For starters, live longer, feel smarter, and ward off depression.
Posted May 04, 2016
It’s you versus the couch. How much does catching up on four seasons of Game of Thrones
cost you? Summer is coming and with it comes the old, familiar
determination to get in shape before it’s time to start shedding layers.
But exercise does so much more than make us beach-worthy. It’s been
called a magic drug,
one that has the power to keep us at our best in ways that aren't just
skin deep. Add up the research and the picture is clear: Physical
activity (with the OK of your doctor, of course) should be part of your
life, no matter the season.
These are just a few reasons to stay active: 1. Exercise boosts life expectancy.
Lack of exercise is linked to twice as many early deaths as obesity.
The good news is that even modest activity makes a big difference. For
example, a 2015 University of Cambridge study found that a brisk
20-minute daily walk can reduce the risk of early death by 16 to 30
percent.
Even if you’re older and unable to get around like you once did, you
still benefit by doing whatever you can to be active—and the more
active, the better. Research confirms that physical activity during retirement can reduce death risk by two-thirds. 2. Exercise is powerful medicine for depression and anxiety.

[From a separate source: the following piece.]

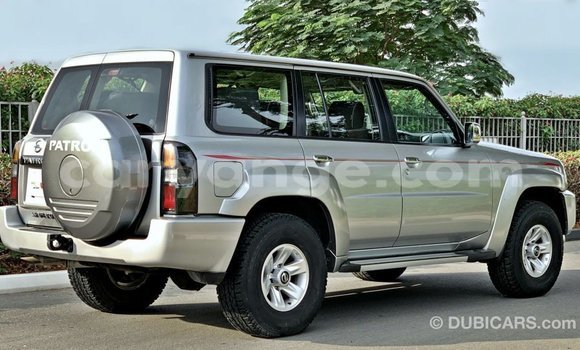 Buy Import Nissan Patrol Other Car in Import - Dubai in Namibia Buy Import Nissan Patrol Other Car in Import - Dubai in Namibia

A 2010 analysis of dozens of studies found that exercise acts on the same neurotransmitter systems in the brain as antidepressants, and people who exercise have fewer anxiety and depression symptoms, and lower stress and anger levels.
Other research
has shown that exercise is not only good for treating depression but
can actually prevent it from occurring in the first place. 3. Exercise slows aging.
A 2016 study using mice found that physical activity, especially when combined with a healthy diet, can slow the accumulation of a type of cell, called senescent cells, that contributes to aging and age-related conditions such as Alzheimer’s disease, heart disease, and osteoporosis.
Exercise also keeps the brain young. It counteracts brain atrophy, and a 2016 study
found that older people who get at least moderate exercise are mentally
about 10 years younger in terms of their thinking skills than those who
get little to no exercise. 4. Exercise aids sobriety.
We in the addiction treatment community see how exercise can help people struggling to overcome problems with drugs and alcohol. And multiple studies back this observation up: Exercise has been shown to help curb a person’s drug and alcohol use and cravings, to make cigarettes less attractive, and to make relapse
less likely. Part of the reason seems to be that exercise and substance
use trigger the same reward centers in the brain. Exercise can also
help stabilize circadian rhythms, our daily rhythms of eating, sleeping, and social interaction that so often get out of sync with substance use.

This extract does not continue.